Dense Unsupervised Learning for Video Segmentation (NeurIPS*2021)

Overview

Dense Unsupervised Learning for Video Segmentation

License Framework

This repository contains the official implementation of our paper:

Dense Unsupervised Learning for Video Segmentation
Nikita Araslanov, Simone Schaub-Mayer and Stefan Roth
To appear at NeurIPS*2021. [paper] [supp] [talk] [example results] [arXiv]

drawing

We efficiently learn spatio-temporal correspondences
without any supervision, and achieve state-of-the-art
accuracy of video object segmentation.

Contact: Nikita Araslanov fname.lname (at) visinf.tu-darmstadt.de


Installation

Requirements. To reproduce our results, we recommend Python >=3.6, PyTorch >=1.4, CUDA >=10.0. At least one Titan X GPUs (12GB) or equivalent is required. The code was primarily developed under PyTorch 1.8 on a single A100 GPU.

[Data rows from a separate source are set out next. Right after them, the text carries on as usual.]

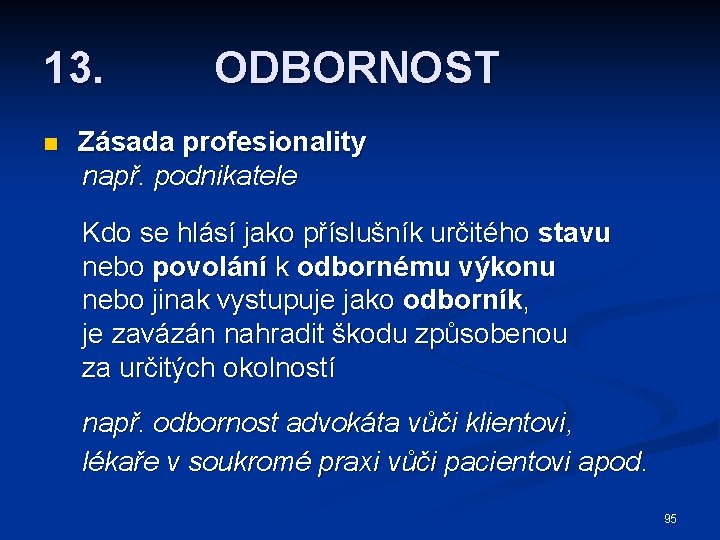 13. n ODBORNOST Zásada profesionality např. podnikatele Kdo se hlásí jako příslušník určitého stavu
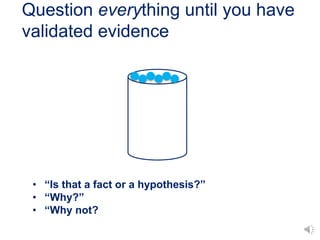 Question everything until you have
validated evidence
• “Is that a fact or a hypothesis?”
• “Why?”
• “Why not?
 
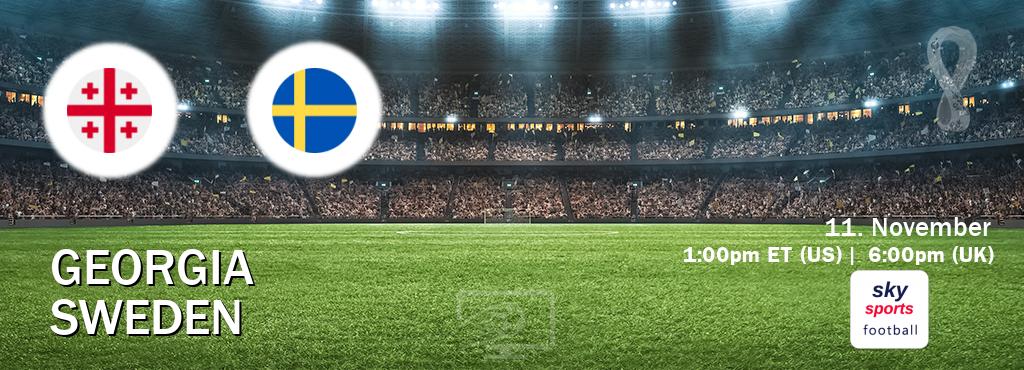 You can watch game live between Georgia and Sweden on Sky Sports Football.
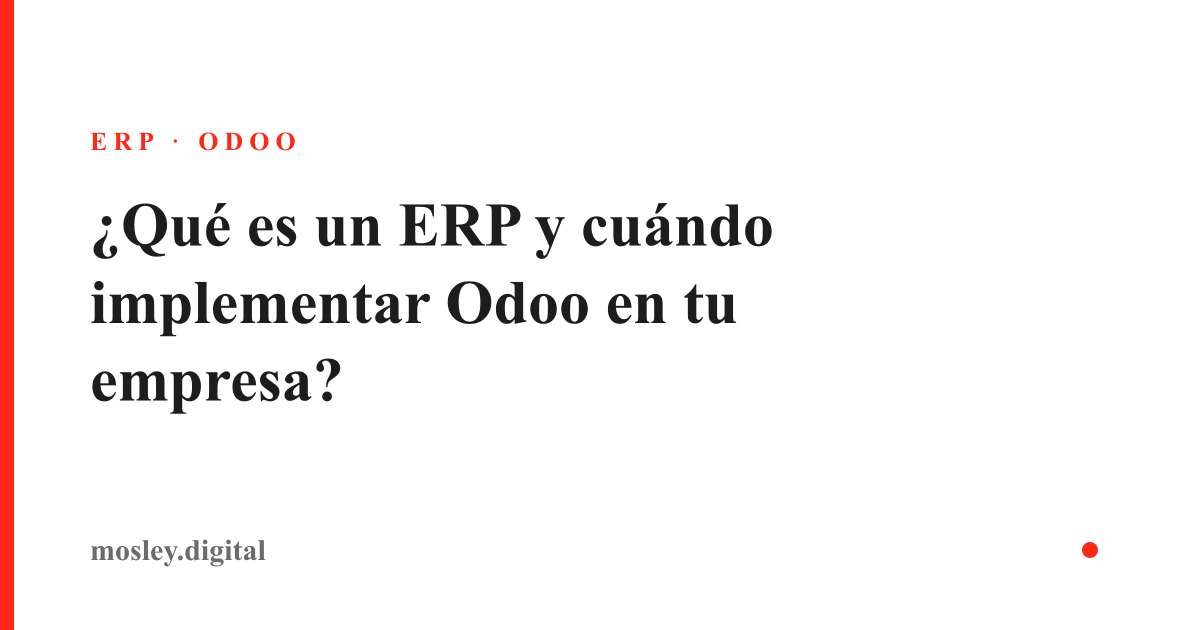 ¿Qué es un ERP y cuándo tu empresa está lista para implementar Odoo?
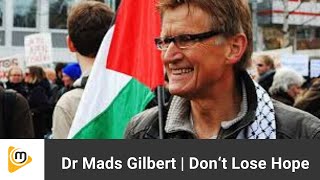 Dr Mads Gilbert | Be Part Of History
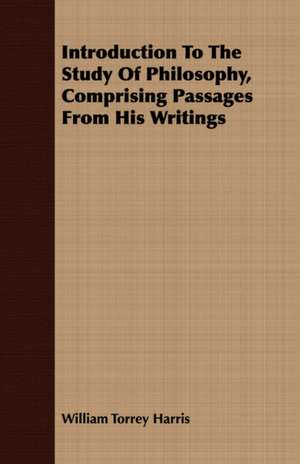 Introduction to the Study of Philosophy, Comprising Passages from His Writings: An Anglo-Saxon Reader, with Philological Notes, a Brief Grammar, and a Vocabulary de William Torrey Harris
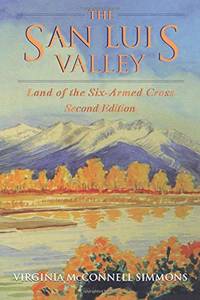 The San Luis Valley: Land of the Six-Armed Cross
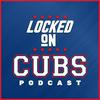 undefined Locked On Cubs - Daily Podcast On The Chicago Cubs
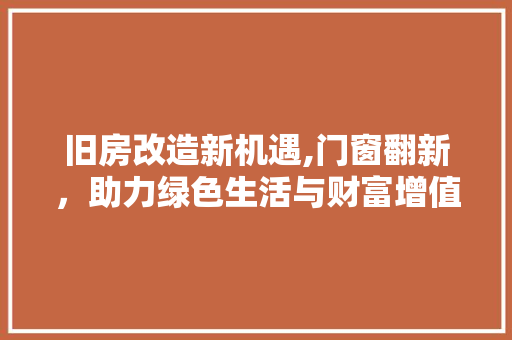 旧房改造新机遇,门窗翻新，助力绿色生活与财富增值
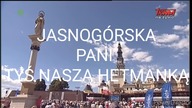 Jasnogórska Pani tyś naszą Hetmanką - Jasna Góra - 26. 08. 2020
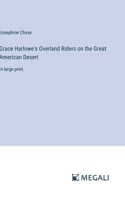 Grace Harlowe's Overland Riders on the Great American Desert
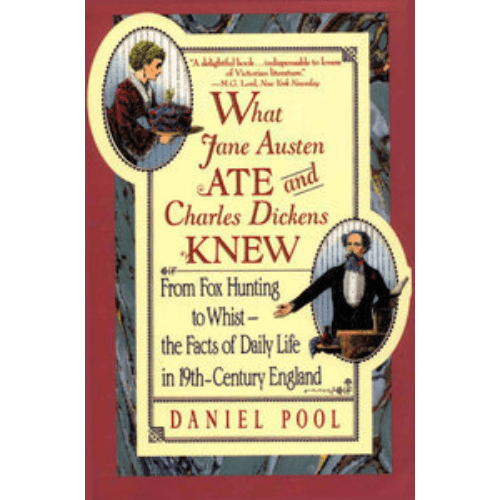 What Jane Austen Ate and Charles Dickens Knew : From Fox Hunting to Whist-the Facts of Daily Life in Nineteenth-Century England
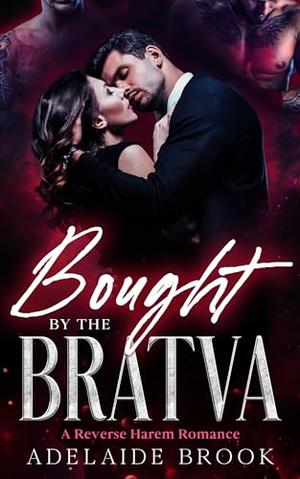 Bought by the Bratva: A Reverse Harem Romance by Adelaide Brook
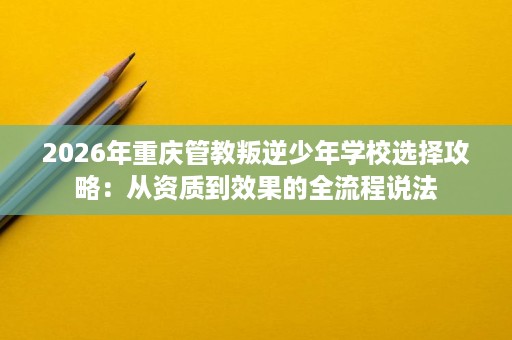 2026年重庆管教叛逆少年学校选择攻略:从资质到效果的全流程说法 2026年重庆管教叛逆少年学校选择攻略:从资质到效果的全流程说法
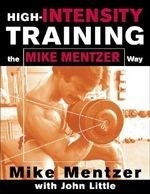 High-Intensity Training the Mike Mentzer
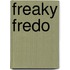 Freaky Fredo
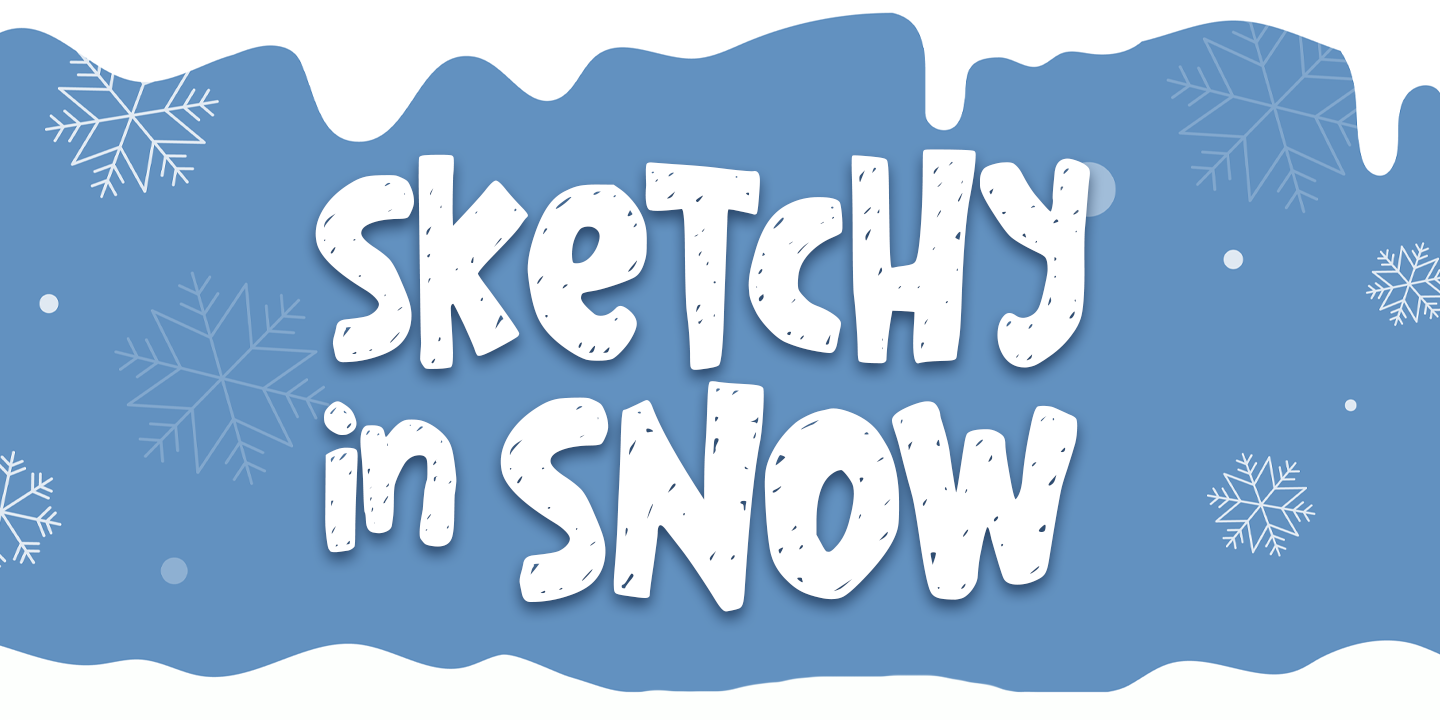 Image of Sketchy in snow Font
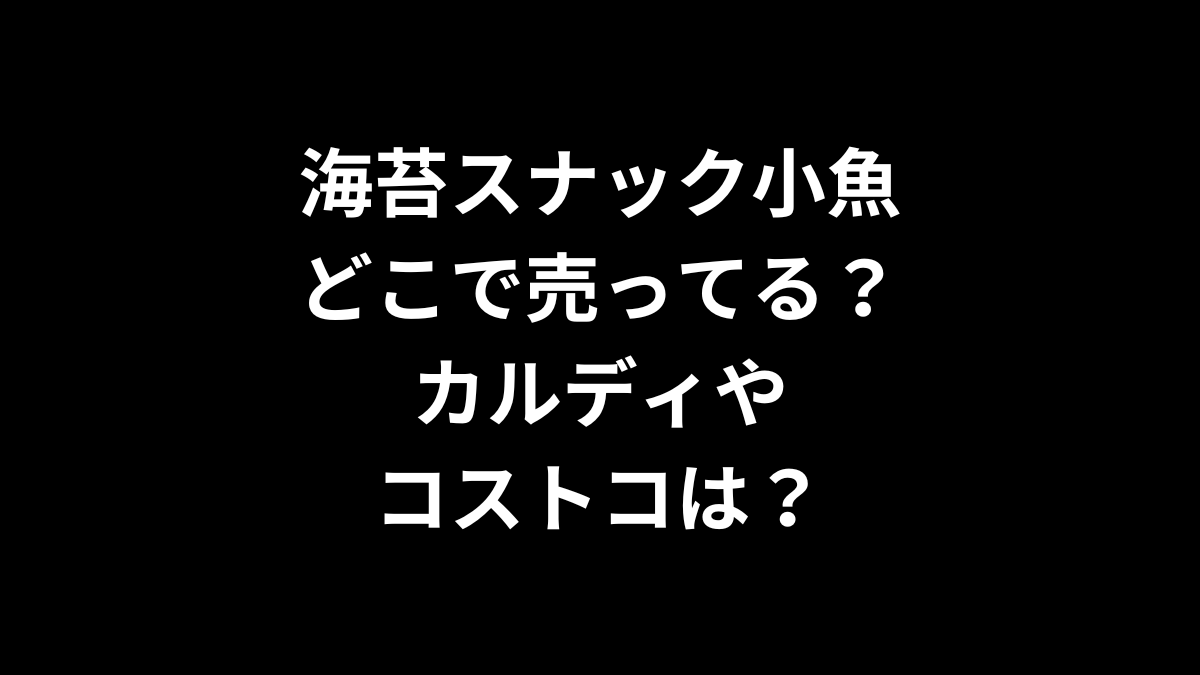 海苔スナック小魚はどこで売ってる？カルディやコストコは？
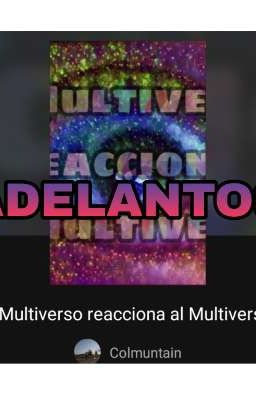 ADELANTOS DEL MULTIVERSO REACCIONA AL MULTIVERSO 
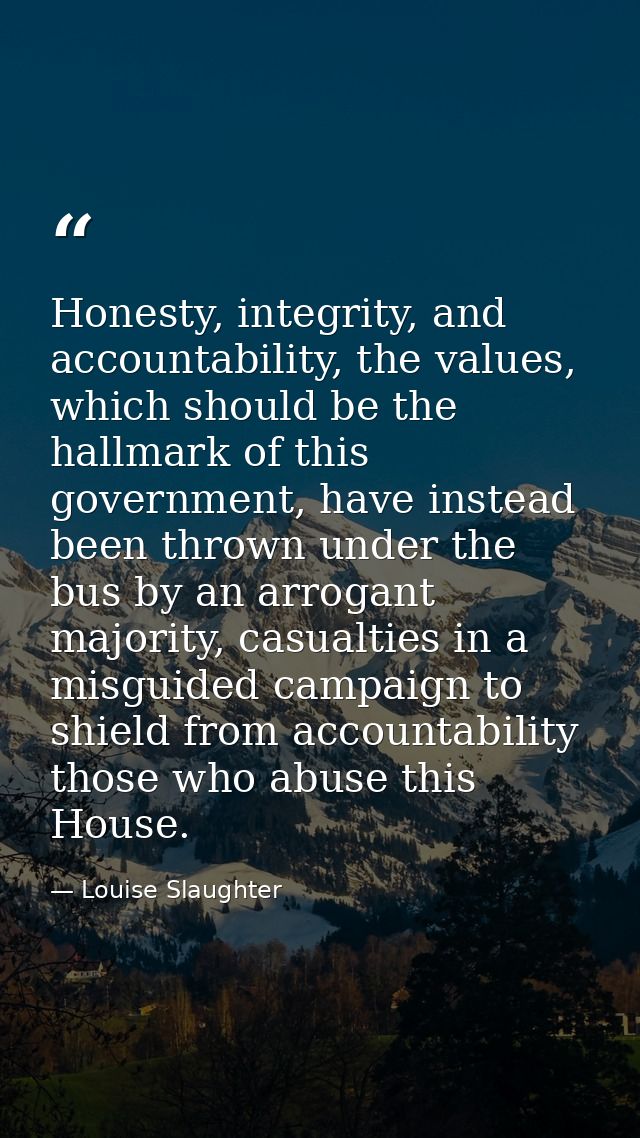 Honesty, integrity, and accountability, the values, which should be the hallmark of this government, have instead been t — Louise Slaughter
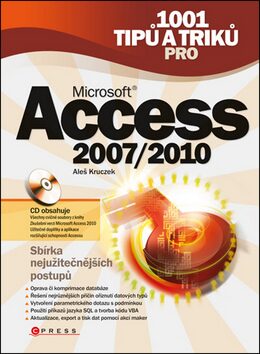 1001 tipů a triků pro Microsoft Access 2007/2010 - Aleš Kruczek
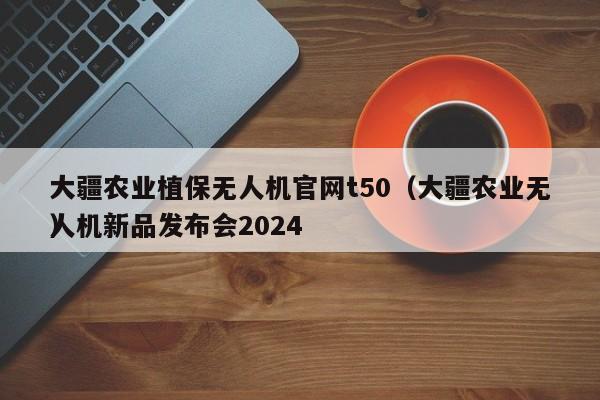 大疆农业植保无人机官网t50（大疆农业无人机新品发布会2024
）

The following steps will set up a local copy of the repository.

  1. Create conda environment:
conda create --name dense-ulearn-vos
source activate dense-ulearn-vos
  1. Install PyTorch >=1.4 (see PyTorch instructions). For example on Linux, run:
conda install pytorch torchvision torchaudio cudatoolkit=11.3 -c pytorch
  1. Install the dependencies:
pip install -r requirements.txt
  1. Download the data:
Dataset Website Target directory with video sequences
YouTube-VOS Link data/ytvos/train/JPEGImages/
OxUvA Link data/OxUvA/images/dev/
TrackingNet Link data/tracking/train/jpegs/
Kinetics-400 Link data/kinetics400/video_jpeg/train/

The last column in this table specifies a path to subdirectories (relative to the project root) containing images of video frames. You can obviously use a different path structure. In this case, you will need to adjust the paths in data/filelists/ for every dataset accordingly.

  1. Download filelists:
cd data/filelists
bash download.sh

This will download lists of training and validation paths for all datasets.

Training

We following bash script will train a ResNet-18 model from scratch on one of the four supported datasets (see above):

bash ./launch/train.sh [ytvos|oxuva|track|kinetics]

We also provide our final models for download.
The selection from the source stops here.